在这里,您将获得带有系数和P值的自定义回归模型的输出(如果需要说系数的标准误差,我实际上可以显示任何其他统计信息).

Here you have the output of a custom regression model with coefficients and P-values (I actually can show any other statistics if I need to, say, the standard errors of the coefficients).

有两个变量,var1var2.

例如,在模型1中,var1具有系数10.2和P值0.00,而var2具有系数0.02和P值0.30.

For instance, in model1, var1 comes with a coefficient of 10.2 and a P-value of 0.00 while var2 has a coefficient of 0.02 and a P-value of 0.30.

是否有一个程序包可以自动处理这些(自定义)表格,并且可以创建一个带有星号的整洁的Latex表格以表示重要性?

Is there a package that handle these (custom) tables automatically and can create a neat Latex table with stars for significance?

谢谢!

推荐答案

以下是使用texreg的解决方案.

Here is a solution using texreg.

请注意,texreg> = 1.36.18是必需的.

Note that texreg >= 1.36.18 is required.

您在数据框中提供的信息(系数和p值)可以在数据框中以任意方式排列.因此,我们需要编写代码以从数据框中的适当位置选择这些数据,并使用它们创建一个texreg对象.当您请求通用(可能是可重用)的解决方案时,我们应该将代码包装在可重用函数中.我将其称为extractFromDataFrame.因此,这里是该函数,该函数从数据框中提取信息并为不同模型创建texreg对象的列表:

The information you are providing in the data frame (coefs and p-values) could be arranged in arbitrary ways in a data frame. Therefore we need to write code that selects these data from the appropriate places in the data frame and uses them to create a texreg object. As you are requesting a generic (and presumably re-usable) solution, we should wrap the code in a re-usable function. I'll call this function extractFromDataFrame. So here is the function, which extracts the information from the data frame and creates a list of texreg objects for the different models:

require("texreg")

extractFromDataFrame <- function (dataFrame) {
  coef.row.indices <- seq(1, nrow(dataFrame) - 1, 2)
  pval.row.indices <- seq(2, nrow(dataFrame), 2)
  texregObjects <- list()
  for (i in 2:ncol(dataFrame)) {
    coefs <- dataFrame[coef.row.indices, i]
    coefnames <- as.character(dataFrame[coef.row.indices, 1])
    pvalues <- dataFrame[pval.row.indices, i]
    tr <- createTexreg(coef = coefs, coef.names = coefnames, pvalues = pvalues)
    texregObjects[i - 1] <- list(tr)
  }
  return(texregObjects)
}

在此函数中,我们首先定义系数存储在数据帧的哪些行中以及p值存储在哪些行中.然后,我们创建了一个空列表,在其中存储了texreg对象.我们遍历所有列,但第一列只包含标签.在每个模型列中,我们保存系数,其名称和p值,然后将其移交给createTexreg构造函数,该构造函数基于以下内容为我们创建texreg对象:数据.我们将texreg对象添加到列表中.最后,我们返回texreg对象的列表.

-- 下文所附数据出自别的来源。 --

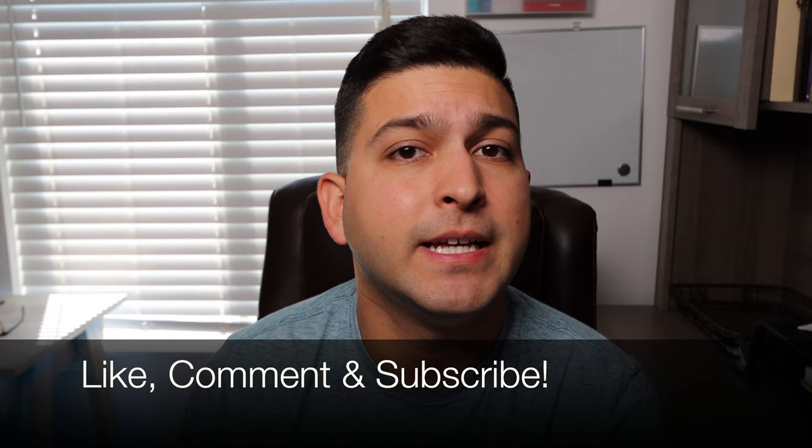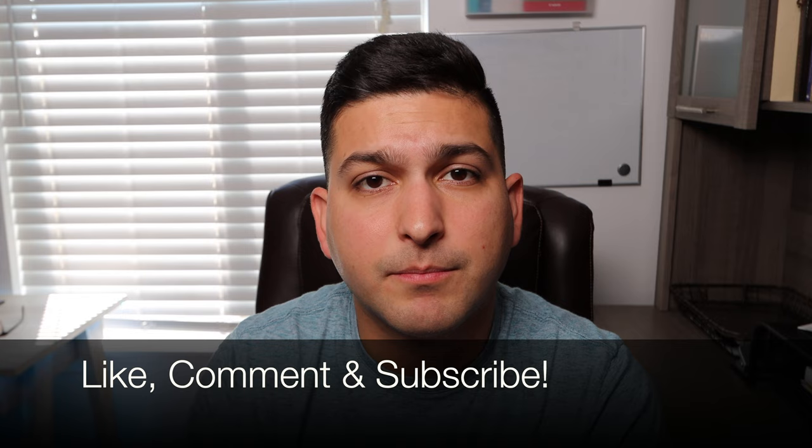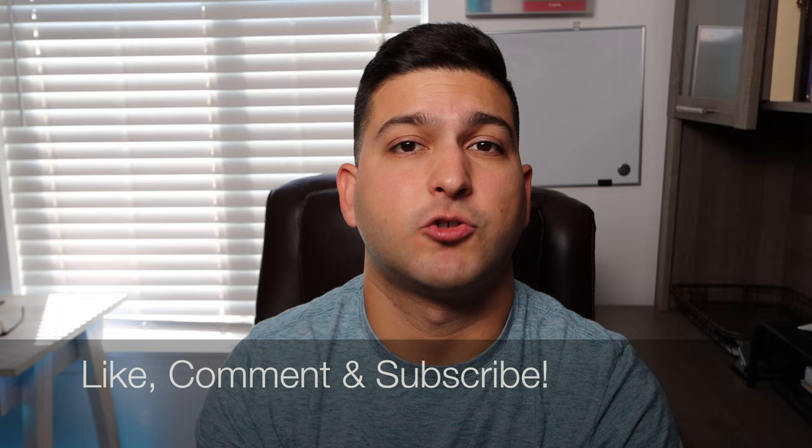Before I go any further, if this video ends up being helpful I'd appreciate a like. If you have any questions about anything I talked about here, or you want to add some commentary or your own knowledge, go ahead and comment below. And if you want more content like this, please make sure to subscribe.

In this function, we first define in which rows of the data frame the coefficients are stored and in which rows the p-values are stored. Then we created an empty list in which we stored the texreg objects. We iterate through all columns but the first as the first one contains only the labels. In each of these model columns, we save the coefficients, their names, and the p-values, and then we hand them over to the createTexreg constructor, which is a function that creates a texreg object for us based on the data. We add the texreg object to the list. In the end, we return the list of texreg objects.

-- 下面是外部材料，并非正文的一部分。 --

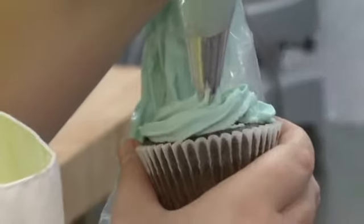All right, let's do the cupcakes real quick. Decorating the cupcakes is really fun. That looks good.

现在,我们可以将函数应用于任何具有任意列数(> 1)的数据框,该数据框看起来像问题中提供的数据框一样.在这种情况下,将函数应用到df对象之后,如果我们想确保我们做对了所有事情,我们可能希望打印列表的内容:

We can now apply the function to any data frame that looks like the one provided in the question, with arbitrary numbers of columns (> 1). In this case, after applying the function to the df object, we may want to print the contents of the list if we want to make sure that we did everything right:

tr <- extractFromDataFrame(df)
tr

实际上,结果包含相关数据:

And indeed, the results contain the relevant data:

[[1]]

No standard errors were defined for this texreg object.
No decimal places were defined for the GOF statistics.

     coef.   p
var1 10.20 0.0
var2  0.02 0.3

No GOF block defined.

[[2]]

No standard errors were defined for this texreg object.
No decimal places were defined for the GOF statistics.

     coef.     p
var1 11.20 0.010
var2  0.02 0.023

No GOF block defined.

现在,我们可以简单地将texreg对象的列表移交给screenreg,例如screenreg(tr),具有以下结果:

Now we can simply hand the list of texreg objects over to screenreg, e.g., screenreg(tr), with the following result:

========================
      Model 1    Model 2
------------------------
var1  10.20 ***  11.20 *
var2   0.02       0.02 *
========================
*** p < 0.001, ** p < 0.01, * p < 0.05

或按htmlreg创建HTML表.或者,按照原始问题的要求,输入texreg来创建LaTeX表. texreg(tr, single.row = TRUE)的输出如下所示:

Or to htmlreg for creating an HTML table. Or, as requested in the original question, to texreg for creating a LaTeX table. The output of texreg(tr, single.row = TRUE) looks like this:

\begin{table}
\begin{center}
\begin{tabular}{l c c }
\hline
 & Model 1 & Model 2 \\
\hline
var1 & $10.20^{***}$ & $11.20^{*}$ \\
var2 & $0.02$        & $0.02^{*}$  \\
\hline
\multicolumn{3}{l}{\scriptsize{$^{***}p<0.001$, $^{**}p<0.01$, $^*p<0.05$}}
\end{tabular}
\caption{Statistical models}
\label{table:coefficients}
\end{center}
\end{table}

可以修改此解决方案以适应标准误差,置信区间或拟合优度统计.

This solution can be modified to accommodate standard errors, confidence intervals, or goodness-of-fit statistics.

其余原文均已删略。